The CIU sergeant went tense. ‘You sure?’

‘Yes.’

‘Where and when?’

Pam told her. The sergeant pulled out her mobile phone and dialled. ‘Hal? We’ve got Ludmilla’s MP3 player…Murph…the lab for prints…’

Pam began to edge away, knowing Ellen would find a dozen tasks for her to do. She needed to write those reports first. She reached the corridor, the head of the stairs, the bottom of the stairs, feigning deafness when Destry called, ‘Pam?’

****

Her bolthole behind the lockup consisted of filing cabinets, shelves of reports, manuals and handbooks, and two computers. A constable from Community Liaison had been pecking away at one of the computers, but he’d been called away to an emergency, and so the room was hers for now. She settled herself at the other computer and began to write her initial impressions of Schoolies Week. Thirty minutes later, she completed the first draft, saved it to her memory stick, pressed ‘print’.

Nothing happened. A message came up to say that the computer was not connected to a network printer. Frustrated, she removed her memory stick, slotted it into the second computer and called up her document. Again she pressed ‘print’. The command went through.

Her gaze wandered to the bottom of the screen. Apparently the guy from Community Liaison still had a window open. Tucked away among the icons were a short banner and an abbreviated Web address. In an idle mood, she clicked on it.

And saw herself spread naked and pale on top of her bed.

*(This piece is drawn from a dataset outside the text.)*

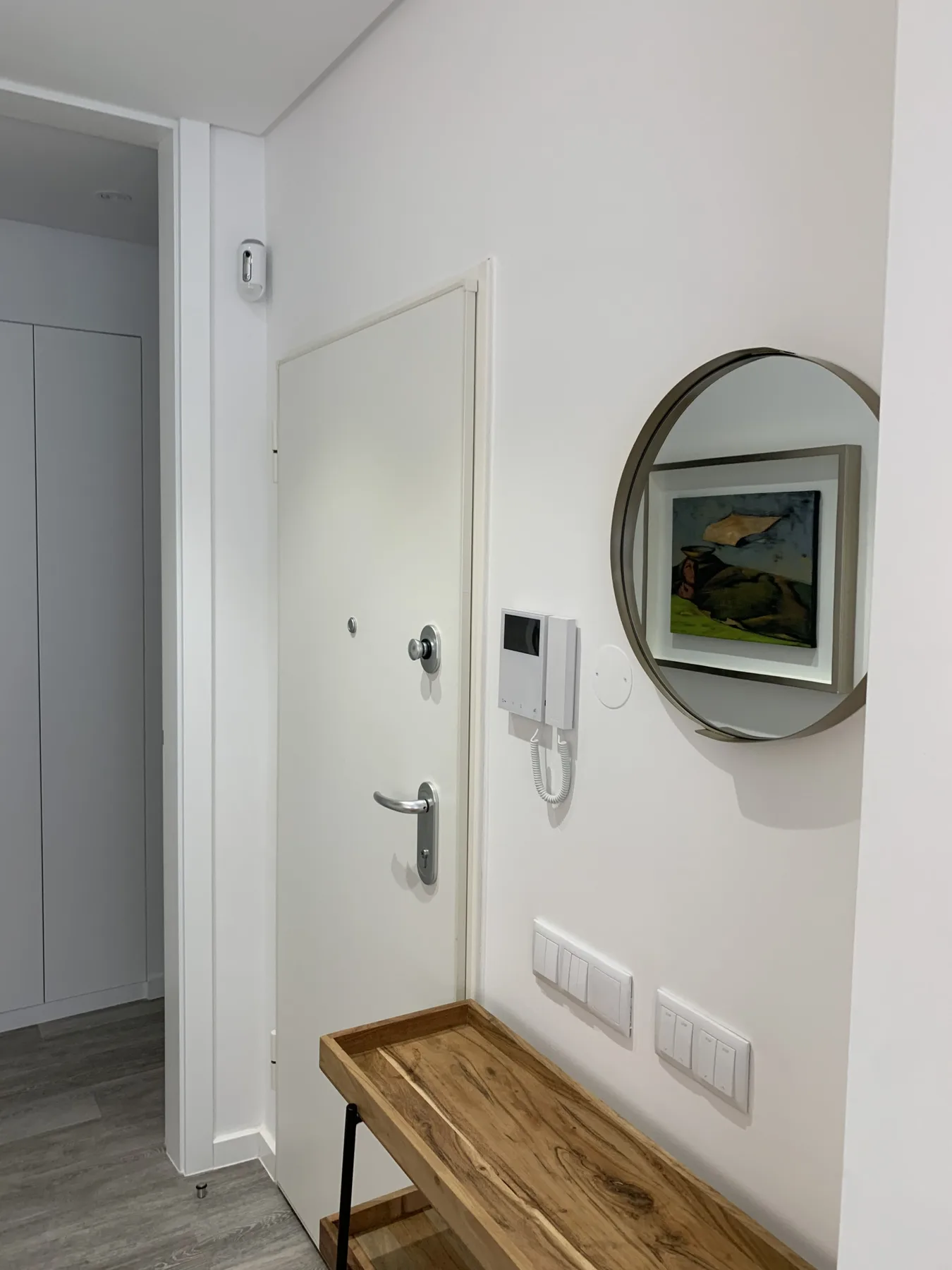 Una entrada luminosa con una mesa de madera y un espejo redondo en la pared.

Or rather, she didn’t know who it was until her eyes strayed from the groin and breasts to the face. The Web address was www.inandoutofuniform.com. Sure enough, there she was in uniform, too, a copy of that academy graduation shot she kept in the pewter frame on her dressing table.

Then her mobile phone rang and it was Inspector Challis, saying she was needed to help review the evidence against the planner, Groot.